If you view the S&P 500 solely in dollar terms, you would say it stands at the 2000 high and within a few percent of matching its all-time high of 2007. If you adjust your dollars for inflation, the market must rise another 35% to match the 2000 high and another 16% to get back where it was in 2007. If you view the S&P in terms of gold, it will have to rise above 3000 or another 100% gain from here.

Although a strengthening economy would supply a tailwind, not even that is needed for this market to continue rising. Even the March sequester (spending cuts) are likely to be a blip in the market, lasting a few days to a couple of weeks. Just about the only scenario that puts this rally in jeopardy is one in which Washington D.C. continues to add new taxes and regulations in their war on small business. Other than that, this rally continues.

Why? Because central banks, the world over, continue to hold interest rates low while they print currency. Here at home, our central bank prints $85 billion per month, over $1 trillion this year. The federal government will spend over $1 trillion more than it takes in. Between the two, we have an extra $2 trillion floating through markets (inefficiently, but still there). That money does a couple of things besides buy elections – it lands in various businesses, hence the economy, almost as if GDP grew. The other result is a currency that is devalued. Just like owning one of the 35 known, T206 Honus Wagner baseball cards, it’s worth is in the millions, but should someone open a vault one day and discover a hundred more, the value would drop dramatically.

Currency is no different, the more that is printed, the less each is worth. If I offer to sell you my gold ring for $100 and you say you will consider it, but wait one year to accept the offer, at a time when the dollar has devalued to 50 cents, I will respond the ring is now valued at 200 of your 50-cent dollars.

For these reasons, as central banks and governments devalue their currency, hard assets, labor and corporations all demand more of the currency than before. Times like these demand investment in equities and hard assets. Cash and debt (CDs, bonds and savings) are the worse investments as their purchasing power erodes.

Taking a look at history, we find as currencies are devalued, equities based in those currencies rise. This was the case in Brazil (1999), Argentina (2002), Russia (1998), Sweden (1992) and Great Britain (1992). Like my gold ring example above, it is common sense this would be the result.

We can especially see this in the United States and Japan right now. The U.S. has been overspending and over-printing for years. The devaluation of the currency is not as apparent when valued against other currencies, which are doing the same. Since the dollar is compared to a basket of currencies comprised mostly of the euro, yen and pound, it may be considered to be strengthening relative to three weakening currencies. Think of it as four men standing in quicksand – all are sinking at different and variable rates. At any moment one might be considered to be relatively taller than the others, but none seem to be sinking until one is below the sand.

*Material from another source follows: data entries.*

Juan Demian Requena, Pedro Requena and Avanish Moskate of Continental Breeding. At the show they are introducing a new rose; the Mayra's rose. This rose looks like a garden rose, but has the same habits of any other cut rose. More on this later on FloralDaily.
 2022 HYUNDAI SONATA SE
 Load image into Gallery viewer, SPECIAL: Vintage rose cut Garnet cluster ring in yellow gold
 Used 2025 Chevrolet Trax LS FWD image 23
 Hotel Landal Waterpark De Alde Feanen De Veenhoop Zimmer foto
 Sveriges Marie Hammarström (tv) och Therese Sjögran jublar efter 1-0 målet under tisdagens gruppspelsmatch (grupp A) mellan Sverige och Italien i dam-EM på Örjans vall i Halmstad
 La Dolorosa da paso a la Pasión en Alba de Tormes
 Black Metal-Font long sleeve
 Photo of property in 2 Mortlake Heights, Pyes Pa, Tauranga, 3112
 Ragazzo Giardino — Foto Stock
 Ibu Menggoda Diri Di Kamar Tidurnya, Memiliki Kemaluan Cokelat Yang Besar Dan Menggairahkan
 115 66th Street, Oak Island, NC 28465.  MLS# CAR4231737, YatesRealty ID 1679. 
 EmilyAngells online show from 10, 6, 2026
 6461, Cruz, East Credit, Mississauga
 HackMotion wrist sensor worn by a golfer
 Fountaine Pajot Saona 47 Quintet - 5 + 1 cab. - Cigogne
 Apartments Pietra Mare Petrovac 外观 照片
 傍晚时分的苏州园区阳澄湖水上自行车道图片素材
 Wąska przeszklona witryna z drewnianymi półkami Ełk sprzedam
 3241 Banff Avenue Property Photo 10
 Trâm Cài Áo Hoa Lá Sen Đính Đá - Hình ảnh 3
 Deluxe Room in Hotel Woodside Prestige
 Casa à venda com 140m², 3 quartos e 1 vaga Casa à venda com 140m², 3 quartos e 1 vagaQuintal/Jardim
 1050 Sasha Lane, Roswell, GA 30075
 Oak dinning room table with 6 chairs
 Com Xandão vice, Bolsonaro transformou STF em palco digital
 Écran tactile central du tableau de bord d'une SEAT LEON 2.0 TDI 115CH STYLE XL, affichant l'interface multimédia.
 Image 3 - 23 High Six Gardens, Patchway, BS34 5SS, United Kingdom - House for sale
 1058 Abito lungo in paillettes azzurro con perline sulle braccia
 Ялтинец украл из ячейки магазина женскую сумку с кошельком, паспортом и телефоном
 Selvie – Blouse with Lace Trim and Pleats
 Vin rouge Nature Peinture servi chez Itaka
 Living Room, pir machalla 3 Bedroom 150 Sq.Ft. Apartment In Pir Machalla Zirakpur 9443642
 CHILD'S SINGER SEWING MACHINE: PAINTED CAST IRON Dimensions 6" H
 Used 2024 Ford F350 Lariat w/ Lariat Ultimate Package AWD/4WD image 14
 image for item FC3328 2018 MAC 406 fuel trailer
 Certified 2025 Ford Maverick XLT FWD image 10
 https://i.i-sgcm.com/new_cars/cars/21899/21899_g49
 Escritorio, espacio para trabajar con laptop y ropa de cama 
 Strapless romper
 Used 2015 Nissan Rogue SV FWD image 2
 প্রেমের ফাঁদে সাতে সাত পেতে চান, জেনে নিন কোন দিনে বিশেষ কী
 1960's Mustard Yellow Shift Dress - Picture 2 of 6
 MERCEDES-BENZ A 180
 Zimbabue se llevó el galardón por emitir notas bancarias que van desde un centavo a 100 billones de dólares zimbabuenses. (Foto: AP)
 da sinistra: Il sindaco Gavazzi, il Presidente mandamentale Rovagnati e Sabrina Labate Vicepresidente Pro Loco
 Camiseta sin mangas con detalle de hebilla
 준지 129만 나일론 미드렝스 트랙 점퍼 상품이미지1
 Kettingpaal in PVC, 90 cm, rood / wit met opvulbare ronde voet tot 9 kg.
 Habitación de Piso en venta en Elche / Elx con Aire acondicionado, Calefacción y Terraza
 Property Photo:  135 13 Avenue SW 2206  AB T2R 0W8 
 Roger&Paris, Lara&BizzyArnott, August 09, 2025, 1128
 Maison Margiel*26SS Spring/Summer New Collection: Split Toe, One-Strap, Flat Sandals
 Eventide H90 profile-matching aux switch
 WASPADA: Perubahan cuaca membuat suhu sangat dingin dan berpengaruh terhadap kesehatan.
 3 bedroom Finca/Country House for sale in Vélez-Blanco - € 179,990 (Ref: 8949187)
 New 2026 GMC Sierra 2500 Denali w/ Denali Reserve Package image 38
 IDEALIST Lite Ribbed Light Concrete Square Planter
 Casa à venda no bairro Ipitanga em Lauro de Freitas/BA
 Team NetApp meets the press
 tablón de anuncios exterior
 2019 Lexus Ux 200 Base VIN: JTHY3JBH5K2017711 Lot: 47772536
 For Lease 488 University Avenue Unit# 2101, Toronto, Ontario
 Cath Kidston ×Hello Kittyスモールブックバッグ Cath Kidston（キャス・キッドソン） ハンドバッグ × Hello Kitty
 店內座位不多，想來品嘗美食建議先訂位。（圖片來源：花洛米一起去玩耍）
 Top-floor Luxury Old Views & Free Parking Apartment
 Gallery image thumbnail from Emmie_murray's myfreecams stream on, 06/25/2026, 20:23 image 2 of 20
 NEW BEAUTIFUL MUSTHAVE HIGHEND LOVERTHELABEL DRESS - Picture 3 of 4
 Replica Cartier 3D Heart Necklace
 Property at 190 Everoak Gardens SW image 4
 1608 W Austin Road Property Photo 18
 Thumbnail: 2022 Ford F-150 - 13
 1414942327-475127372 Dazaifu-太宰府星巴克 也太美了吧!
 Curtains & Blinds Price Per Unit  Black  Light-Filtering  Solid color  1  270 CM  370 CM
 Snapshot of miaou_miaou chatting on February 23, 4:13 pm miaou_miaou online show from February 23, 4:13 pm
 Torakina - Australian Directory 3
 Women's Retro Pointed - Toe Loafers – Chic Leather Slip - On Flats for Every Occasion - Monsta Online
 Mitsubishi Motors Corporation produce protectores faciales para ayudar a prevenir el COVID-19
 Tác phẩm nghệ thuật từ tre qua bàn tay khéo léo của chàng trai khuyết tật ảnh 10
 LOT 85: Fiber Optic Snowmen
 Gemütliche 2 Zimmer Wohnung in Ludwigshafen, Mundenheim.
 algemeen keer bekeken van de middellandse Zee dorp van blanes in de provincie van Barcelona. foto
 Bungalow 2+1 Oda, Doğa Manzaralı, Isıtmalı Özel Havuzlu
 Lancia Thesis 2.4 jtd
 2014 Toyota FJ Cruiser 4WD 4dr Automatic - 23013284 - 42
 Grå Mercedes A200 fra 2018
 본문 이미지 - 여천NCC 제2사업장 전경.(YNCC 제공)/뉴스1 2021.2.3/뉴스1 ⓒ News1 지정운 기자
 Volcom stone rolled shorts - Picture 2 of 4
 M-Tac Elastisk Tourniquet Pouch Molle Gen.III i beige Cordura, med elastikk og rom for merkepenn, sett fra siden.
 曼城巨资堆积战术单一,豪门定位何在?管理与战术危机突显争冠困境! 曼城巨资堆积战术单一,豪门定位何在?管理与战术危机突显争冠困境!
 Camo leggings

Today and for the past couple of months, we can see this is true. Look at Japan. Prime Minister Shinzo Abe ran on the platform that Japan needs to devalue its currency. Succinctly, he stated Japan must print 20% more than the USA. The US is printing $1 trillion, so Japan should print $1.2 trillion in American dollars. As the December 16th election neared and it was apparent Abe would win, the yen began to devalue. As it devalued, the Nikkei market rose. That trend continues today and likely for at least this year.

If you live in Japan, you merely need to invest in the Nikkei market, however if you live here, to get full benefit, you must short the yen and buy the Nikkei. If you invested in the Nikkei and shorted the yen on December 16th, you are up 23% in the past two months. Had you only invested in the Nikkei, that gain is reduced to 7.5% due to the conversion to a relatively stronger dollar from the weakening yen. I expect the yen will begin to level at some point around 95 to 100 yen/dollar, so shorting the yen will become less important while buying the Nikkei, along with the S&P 500, should be profitable as both countries print and overspend.

What do you think?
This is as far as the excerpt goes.